I read xiaodoudou's blog again & again. I felt so ashamed of myself. Really.
There she is trying & fighting so hard against her cancer cell, hoping to live longer. Despite being sick, she still live her life to the fullest. Dressing up nicely to go out, eat & do whatever she likes.
But here i am, always complaining how fat am i, how ugly am i, how un-satisfied am i? And keep trying to go on diet but always fail? Keep wanna do something but always no actions? Wanting to go out but always lazy to do so... Shame on me! Everyone should cherish life and health. Health is most important. Cos when you fall sick, it's not only you, your close ones will have to suffer with you too.
From today onwards, i will take good care of myself. Seriously.
Guys, pls read her blog when ya free. Learn from her courage to face problems & 'never give up' spirit!
Yesterday i think alot people 'died'.
spent the whole day reading a frd's frd's frd's blog..
she's 25 and she has ovarian cancer..
in it...there are details of how she lived her life since she learnt of her illness..
thats sad..
however, she has her perfect partner, a happy family to care for her..
how fragile life can be..
how things can change so fast...
her blog is a happy one, very optimistic, she has no qualms about posting her photos n stuff...
lets pray for her yea..
I’m sorry to hear that she has lost her battle in cancer and has departed the world last week. Just by reading all her previous entries makes me really touched and emotional. And it is very heartwarming to read about how supportive her family and friends are.
Also, here’s something she mentioned in her blog makes me feel so touched reading it.
She said:
Came across two couples, think one couple broke up and the other couple is in disagreement. Ros always say whenever she sees couples quarrelling, she wanna walk over and kok their heads. Shout at them to tell them how silly they are wasting precious time disagreeing with each other. The two of us wanna spend a lifetime together but we might not have the luxury. She has to cope with the fear of losing me any day. Even before I got cancer, we hardly ever had a disagreement, not even quarrel. Its simply all about love and acting out of love.

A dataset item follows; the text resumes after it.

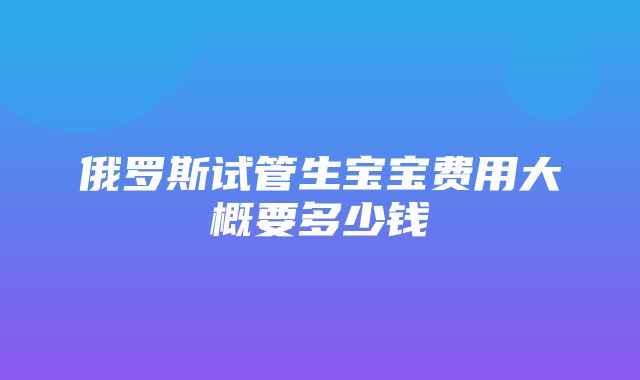 俄罗斯试管生宝宝费用大概要多少钱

It’s certainly inspiring and touching. Now I finally understand how fortunate I am.
I’m sorry to hear that she has lost her battle in cancer and has departed the world last week. Just by reading all her previous entries makes me really touched and emotional. And it is very heartwarming to read about how supportive her family and friends are.

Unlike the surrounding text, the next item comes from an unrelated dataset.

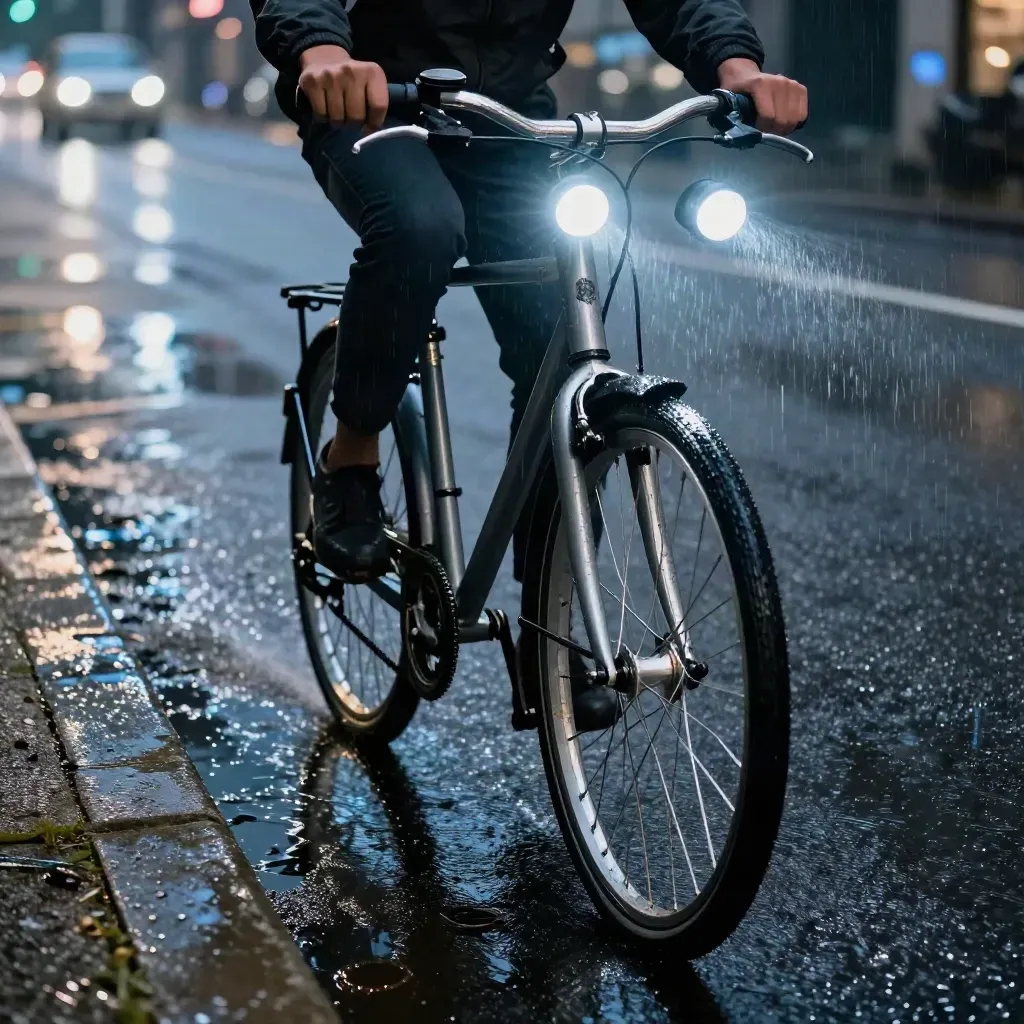 Night bike with blazing lights, wet tires and spoke reflectors in rain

Also, here’s something she mentioned in her blog makes me feel so touched reading it.
She said:
Came across two couples, think one couple broke up and the other couple is in disagreement. Ros always say whenever she sees couples quarrelling, she wanna walk over and kok their heads. Shout at them to tell them how silly they are wasting precious time disagreeing with each other. The two of us wanna spend a lifetime together but we might not have the luxury. She has to cope with the fear of losing me any day. Even before I got cancer, we hardly ever had a disagreement, not even quarrel. Its simply all about love and acting out of love.
It’s certainly inspiring and touching. Now I finally understand how fortunate I am.
Very pretty design! Keep up the good work. Thanks.